• [WORK ITEM]: Repeat verbatim each line from the line with "Solo teen brunette, Minni" to the end of the entries. Pictures do not belong in the copy.

• [INPUT DATA]:

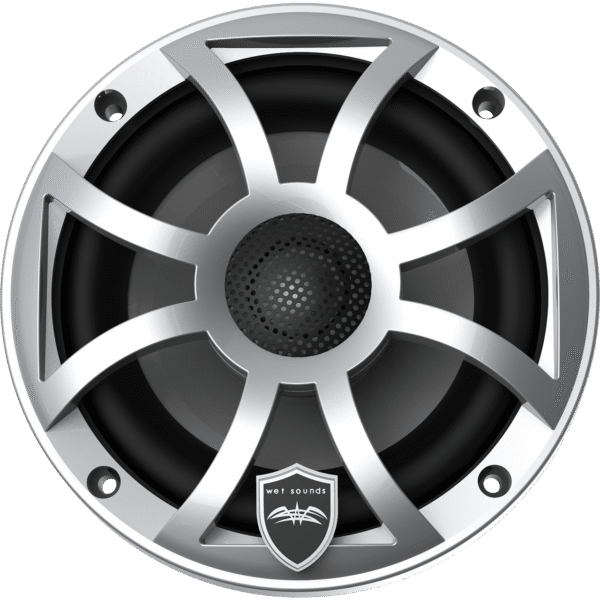 REVO 6-XS-S Silver Open XS Grille 6.5” Coaxial Speakers (pair)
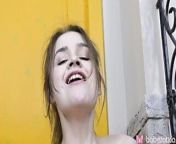 Solo teen brunette, Minni Love is masturbating, in 4K from winnie molly hoare png porn vids
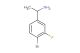 1-(4-bromo-3-fluorophenyl)ethan-1-amine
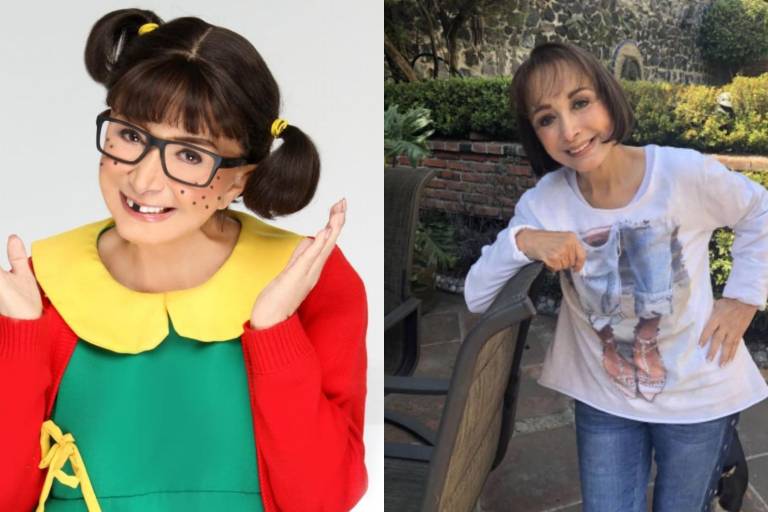 Reaparece La Chilindrina en redes tras su contagio de Covid-19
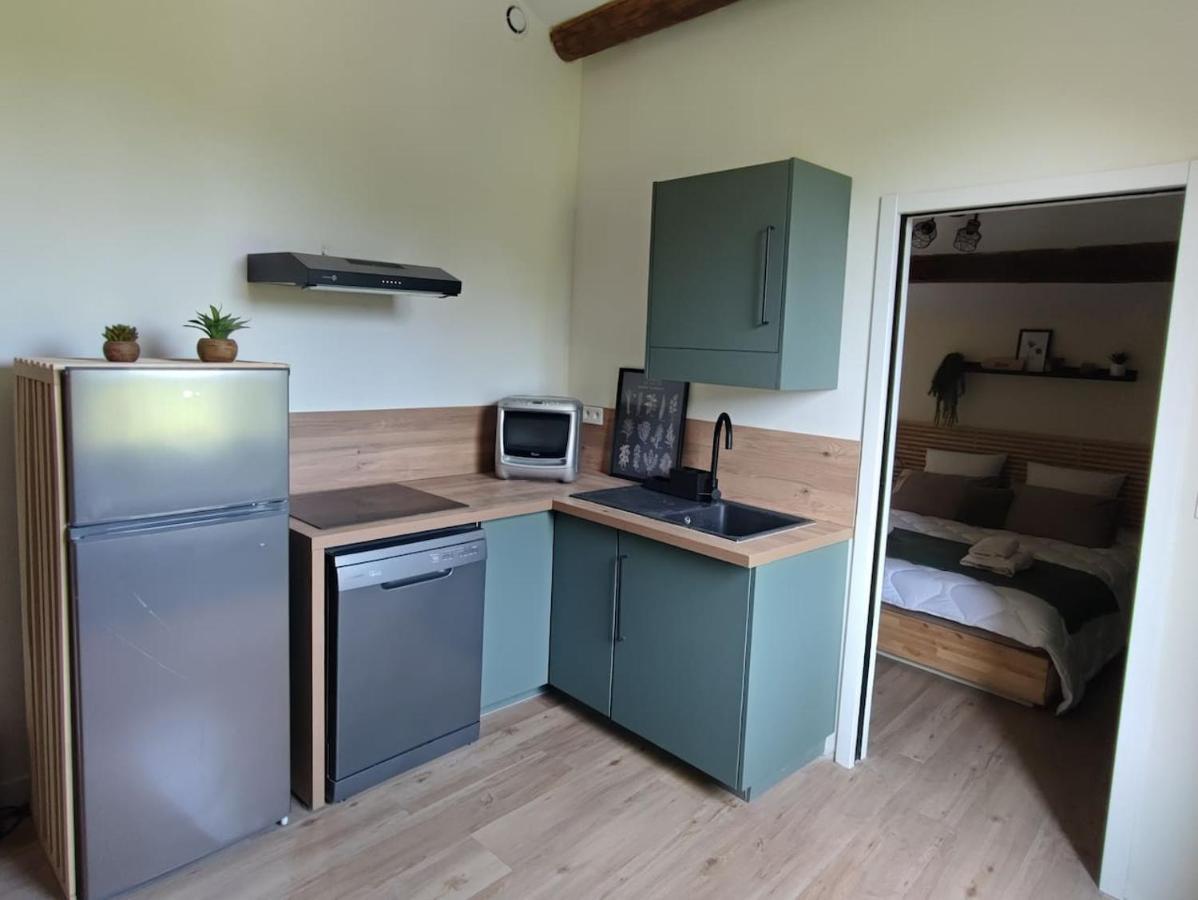 Appartement Au Calme Proche Centre Villeneuve-lès-Avignon Exterior foto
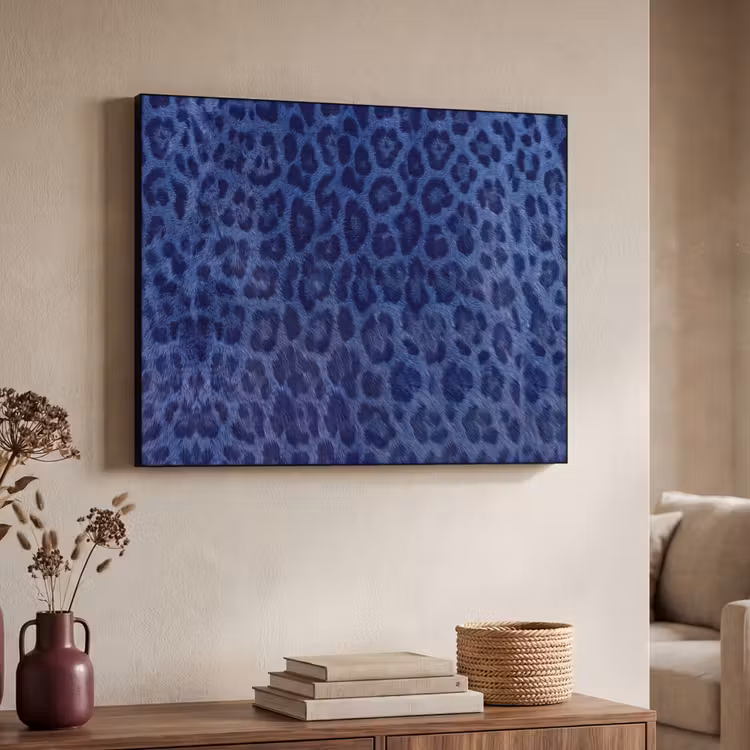 Art Frame - Patroon - Blauw - Abstract — 7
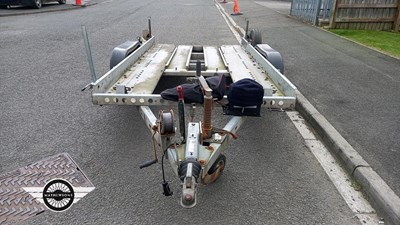 Lot 628 - BRIAN JAMES CLUBMAN TRAILER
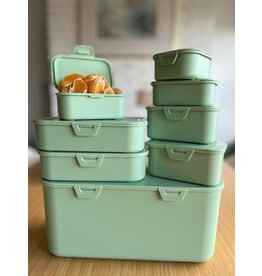 merkloos 8-piece storage box set - in various colors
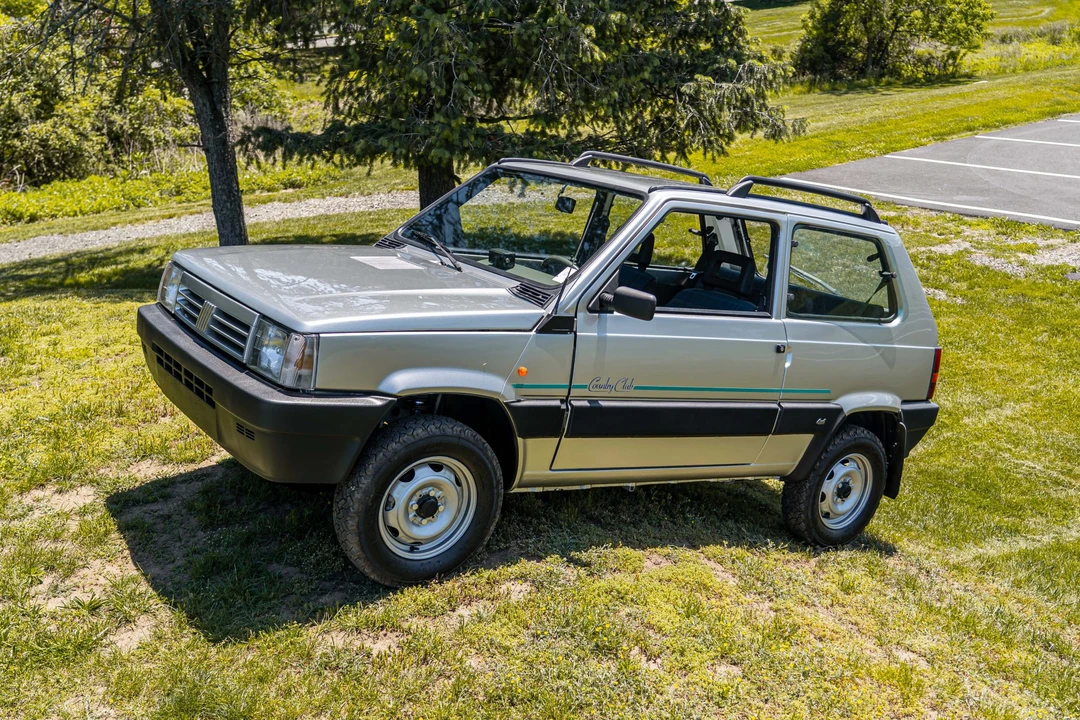 1997 Fiat Panda 1st Gen - Image 3 of 31
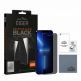 Eiger Mountain Glass Black Anti-Spy Privacy Filter Tempered Glass - калено стъклено защитно покритие с определен ъгъл на виждане за дисплея на iPhone 13 Pro Max thumbnail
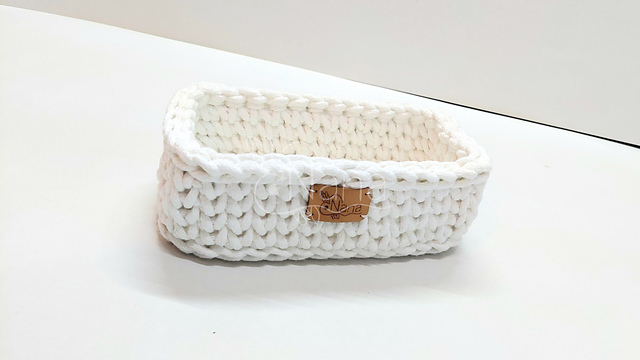Rectangle base Basket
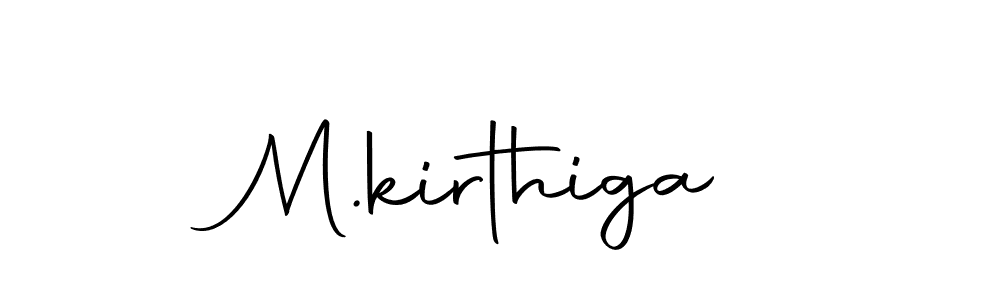 if you are searching for the best signature style for your name M.kirthiga. so please give up your signature search. here we have designed multiple signature styles  using Autography-DOLnW. M.kirthiga signature style 10 images and pictures png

• [ANSWER BELOW]:
 Solo teen brunette, Minni Love is masturbating, in 4K from winnie molly hoare png porn vids
 1-(4-bromo-3-fluorophenyl)ethan-1-amine
 Reaparece La Chilindrina en redes tras su contagio de Covid-19
 Appartement Au Calme Proche Centre Villeneuve-lès-Avignon Exterior foto
 Art Frame - Patroon - Blauw - Abstract — 7
 Lot 628 - BRIAN JAMES CLUBMAN TRAILER
 merkloos 8-piece storage box set - in various colors
 1997 Fiat Panda 1st Gen - Image 3 of 31
 Eiger Mountain Glass Black Anti-Spy Privacy Filter Tempered Glass - калено стъклено защитно покритие с определен ъгъл на виждане за дисплея на iPhone 13 Pro Max thumbnail
Rectangle base Basket
 if you are searching for the best signature style for your name M.kirthiga. so please give up your signature search. here we have designed multiple signature styles  using Autography-DOLnW. M.kirthiga signature style 10 images and pictures png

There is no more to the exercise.